O problema é que, ante à irresistível pressão da sociedade e das autoridades municipais, entram em Juréia-Itatins mais de 100 mil visitantes por ano. Destes, apenas 7.393 foram monitorados em 2001; estima-se que 94.500 entrem informalmente. Os números crescem ano a ano. As autoridades do Instituto Estadual de Florestas (IEF) vivem uma situação no mínimo incômoda. Se tentam cumprir a lei de forma estrita e impedem a entrada dos que não querem enquadrar-se no conceito de educação ambiental, são derrubados pela pressão política. Se fazem o que fazem, quer dizer, cumprir a lei de forma parcial, estão sujeitos a graves riscos pessoais, pois a qualquer momento podem ser processados pelo Ministério Público. Por outro lado, nenhum visitante, exceto os que se dedicam a atividades científicas, pode pagar pelo ingresso à unidade, pois isso consistiria em uso ilegal da Estação Ecológica. Se cada visitante pagasse apenas dois reais, a unidade quase duplicaria seu orçamento, que é da ordem de 100 mil por ano, fora o custo de pessoal. Mas o preço da entrada poderia ser maior, dependendo da atividade a ser desenvolvida. A auto-sustentabilidade de Juréia-Itatins, considerando a visitação atual e o potencial para o futuro, sem prejuízo para os ecossistemas, é coisa certa. Alcançá-la representaria mais segurança para os visitantes, contribuiria para o desenvolvimento econômico regional e preservaria melhor o meio ambiente.

A solução parece ser evidente. É preciso mudar a categoria da unidade, de estação ecológica a outra que permita aproveitar a área para fins turísticos. Para isso, a Secretaria de Meio Ambiente de São Paulo deve apresentar um projeto de lei bem justificado à Assembléia Legislativa. Essa ação, no entanto, envolve um risco que a Secretaria e o IEF hesitam em assumir. A Estação Ecológica Juréia-Itatins tem muitos inimigos, entre eles poderosos plantadores de banana e outros ocupantes ilegais. A área também é cobiçada por empresas de desenvolvimento urbano e prefeitos gananciosos, que não se importam em sacrificar essa fantástica reserva, que pode ser motor permanente de desenvolvimento, por lucros pessoais imediatos. A elaboração de um projeto de lei envolve, portanto, o risco de que a área seja mutilada ou, pior ainda, transformada numa dessas unidades de conservação que quase não preservam nada, como as Áreas de Proteção Ambiental (APAs). Esta categoria de área protegida, como se sabe, é muito apreciada por alguns políticos, pois permite que estes vistam a camisa ambiental precisamente para fazer o contrário, como um lobo mau disfarçado de vovozinha.
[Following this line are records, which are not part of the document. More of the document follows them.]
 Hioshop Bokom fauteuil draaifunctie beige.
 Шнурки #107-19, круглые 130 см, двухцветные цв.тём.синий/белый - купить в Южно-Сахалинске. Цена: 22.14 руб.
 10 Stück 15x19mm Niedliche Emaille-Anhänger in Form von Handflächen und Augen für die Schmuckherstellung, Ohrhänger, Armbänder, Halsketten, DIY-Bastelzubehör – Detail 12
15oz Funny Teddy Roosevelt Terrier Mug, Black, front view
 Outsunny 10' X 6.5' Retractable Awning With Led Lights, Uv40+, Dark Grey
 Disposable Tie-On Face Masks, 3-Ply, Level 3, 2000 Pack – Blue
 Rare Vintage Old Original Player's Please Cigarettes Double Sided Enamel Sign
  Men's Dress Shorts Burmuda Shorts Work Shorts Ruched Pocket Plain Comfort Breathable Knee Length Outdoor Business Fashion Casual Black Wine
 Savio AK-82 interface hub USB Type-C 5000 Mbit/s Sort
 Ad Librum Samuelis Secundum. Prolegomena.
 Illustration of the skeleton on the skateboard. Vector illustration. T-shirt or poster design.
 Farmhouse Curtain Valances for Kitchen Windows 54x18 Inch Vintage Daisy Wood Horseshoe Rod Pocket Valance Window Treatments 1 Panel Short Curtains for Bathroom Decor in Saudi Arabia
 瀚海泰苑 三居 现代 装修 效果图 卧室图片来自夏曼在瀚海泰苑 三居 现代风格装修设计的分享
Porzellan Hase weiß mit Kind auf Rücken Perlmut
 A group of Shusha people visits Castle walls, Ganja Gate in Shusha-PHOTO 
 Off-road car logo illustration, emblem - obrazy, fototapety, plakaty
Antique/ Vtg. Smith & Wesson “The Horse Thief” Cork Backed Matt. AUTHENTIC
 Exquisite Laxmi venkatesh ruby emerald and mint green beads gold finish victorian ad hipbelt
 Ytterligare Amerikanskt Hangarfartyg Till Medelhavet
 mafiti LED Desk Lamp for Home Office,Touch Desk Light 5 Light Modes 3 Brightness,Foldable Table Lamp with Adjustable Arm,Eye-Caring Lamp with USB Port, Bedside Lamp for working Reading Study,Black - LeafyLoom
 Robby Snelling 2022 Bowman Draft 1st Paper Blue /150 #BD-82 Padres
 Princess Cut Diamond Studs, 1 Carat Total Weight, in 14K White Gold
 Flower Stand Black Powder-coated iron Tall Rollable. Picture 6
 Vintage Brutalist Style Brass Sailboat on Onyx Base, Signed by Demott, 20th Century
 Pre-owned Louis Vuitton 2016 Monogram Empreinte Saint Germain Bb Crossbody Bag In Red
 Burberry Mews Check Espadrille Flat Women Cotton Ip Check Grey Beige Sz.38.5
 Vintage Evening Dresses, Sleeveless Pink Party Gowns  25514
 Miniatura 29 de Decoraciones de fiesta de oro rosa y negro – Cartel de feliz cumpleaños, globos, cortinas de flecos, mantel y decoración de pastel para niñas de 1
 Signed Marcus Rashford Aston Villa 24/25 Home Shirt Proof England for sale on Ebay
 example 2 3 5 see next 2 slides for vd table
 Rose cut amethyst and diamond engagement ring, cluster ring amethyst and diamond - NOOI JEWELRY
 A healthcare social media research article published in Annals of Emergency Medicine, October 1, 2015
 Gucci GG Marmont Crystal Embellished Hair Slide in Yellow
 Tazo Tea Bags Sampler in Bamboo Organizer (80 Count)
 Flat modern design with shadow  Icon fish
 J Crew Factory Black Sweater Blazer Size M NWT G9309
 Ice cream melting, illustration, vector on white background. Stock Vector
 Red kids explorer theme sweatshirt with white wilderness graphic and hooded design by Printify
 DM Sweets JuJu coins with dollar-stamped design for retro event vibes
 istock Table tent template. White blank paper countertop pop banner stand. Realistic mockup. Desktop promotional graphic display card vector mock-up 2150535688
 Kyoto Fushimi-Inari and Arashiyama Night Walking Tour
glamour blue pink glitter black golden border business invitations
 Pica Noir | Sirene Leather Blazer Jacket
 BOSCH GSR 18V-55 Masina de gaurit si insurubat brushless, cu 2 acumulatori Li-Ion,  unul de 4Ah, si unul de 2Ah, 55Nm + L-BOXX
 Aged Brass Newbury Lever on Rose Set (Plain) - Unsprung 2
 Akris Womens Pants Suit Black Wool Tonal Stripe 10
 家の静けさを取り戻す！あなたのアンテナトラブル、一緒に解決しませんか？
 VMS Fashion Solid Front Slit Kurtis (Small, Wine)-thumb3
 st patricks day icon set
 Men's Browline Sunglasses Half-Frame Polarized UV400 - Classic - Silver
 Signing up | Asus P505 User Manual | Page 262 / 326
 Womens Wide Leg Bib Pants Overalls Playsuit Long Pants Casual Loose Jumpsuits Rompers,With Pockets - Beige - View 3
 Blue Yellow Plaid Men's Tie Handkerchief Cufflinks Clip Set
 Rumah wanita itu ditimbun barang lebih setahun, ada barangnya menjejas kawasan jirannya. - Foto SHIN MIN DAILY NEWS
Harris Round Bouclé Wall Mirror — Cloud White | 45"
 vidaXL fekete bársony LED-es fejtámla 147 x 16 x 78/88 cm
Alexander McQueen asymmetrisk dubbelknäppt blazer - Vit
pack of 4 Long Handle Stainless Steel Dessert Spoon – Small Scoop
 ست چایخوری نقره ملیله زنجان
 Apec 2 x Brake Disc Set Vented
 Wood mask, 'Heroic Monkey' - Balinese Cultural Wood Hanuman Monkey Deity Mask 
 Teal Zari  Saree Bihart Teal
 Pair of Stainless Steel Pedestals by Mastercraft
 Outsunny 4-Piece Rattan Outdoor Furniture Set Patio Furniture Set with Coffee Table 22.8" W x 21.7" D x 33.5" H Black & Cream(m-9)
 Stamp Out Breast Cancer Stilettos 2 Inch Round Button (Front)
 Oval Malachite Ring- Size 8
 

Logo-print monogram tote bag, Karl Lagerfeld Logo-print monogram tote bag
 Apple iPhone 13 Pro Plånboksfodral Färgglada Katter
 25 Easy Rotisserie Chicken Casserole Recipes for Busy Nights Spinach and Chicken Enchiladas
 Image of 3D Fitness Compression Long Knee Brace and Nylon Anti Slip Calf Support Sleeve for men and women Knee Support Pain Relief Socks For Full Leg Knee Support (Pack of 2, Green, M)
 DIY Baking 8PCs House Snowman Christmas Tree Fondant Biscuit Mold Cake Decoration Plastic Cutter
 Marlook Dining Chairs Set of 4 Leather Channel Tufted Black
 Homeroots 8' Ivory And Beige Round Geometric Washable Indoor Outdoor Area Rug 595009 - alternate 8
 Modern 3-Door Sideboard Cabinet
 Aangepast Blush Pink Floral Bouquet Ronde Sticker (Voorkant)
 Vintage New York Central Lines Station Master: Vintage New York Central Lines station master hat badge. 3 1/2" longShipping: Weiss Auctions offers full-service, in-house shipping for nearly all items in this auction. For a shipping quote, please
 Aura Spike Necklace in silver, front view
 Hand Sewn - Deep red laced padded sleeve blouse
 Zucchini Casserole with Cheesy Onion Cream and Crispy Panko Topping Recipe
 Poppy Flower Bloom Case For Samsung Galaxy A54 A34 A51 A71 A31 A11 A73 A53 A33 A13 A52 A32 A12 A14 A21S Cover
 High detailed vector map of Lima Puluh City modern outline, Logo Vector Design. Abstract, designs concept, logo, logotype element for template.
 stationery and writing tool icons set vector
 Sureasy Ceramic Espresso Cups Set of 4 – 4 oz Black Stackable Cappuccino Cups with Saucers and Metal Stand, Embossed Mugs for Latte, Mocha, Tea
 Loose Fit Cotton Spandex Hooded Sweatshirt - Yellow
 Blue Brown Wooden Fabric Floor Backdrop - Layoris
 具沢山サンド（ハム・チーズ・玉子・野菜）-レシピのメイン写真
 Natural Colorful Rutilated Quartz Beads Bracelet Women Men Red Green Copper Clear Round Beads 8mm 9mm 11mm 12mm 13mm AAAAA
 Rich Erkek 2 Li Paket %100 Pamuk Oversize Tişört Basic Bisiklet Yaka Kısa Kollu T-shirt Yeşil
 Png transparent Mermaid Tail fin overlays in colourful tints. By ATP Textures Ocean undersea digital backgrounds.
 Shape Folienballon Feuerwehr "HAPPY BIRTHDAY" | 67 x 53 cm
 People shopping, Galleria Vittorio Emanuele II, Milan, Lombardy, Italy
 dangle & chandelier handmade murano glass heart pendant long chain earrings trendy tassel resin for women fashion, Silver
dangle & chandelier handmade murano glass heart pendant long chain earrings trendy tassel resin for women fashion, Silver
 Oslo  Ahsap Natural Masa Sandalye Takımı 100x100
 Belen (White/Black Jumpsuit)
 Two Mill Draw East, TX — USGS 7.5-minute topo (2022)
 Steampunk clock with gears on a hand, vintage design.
Juréia-Itatins deveria ser um parque estadual. Esta é a única categoria que garante que a área seja preservada e, ao mesmo tempo, contribua efetivamente ao desenvolvimento regional. Resta torcer para que o Estado de São Paulo e suas autoridades demonstrem uma vez mais sua capacidade e inteligência, tirando o processo de transição do fio da navalha, sem perder o prezado tesouro.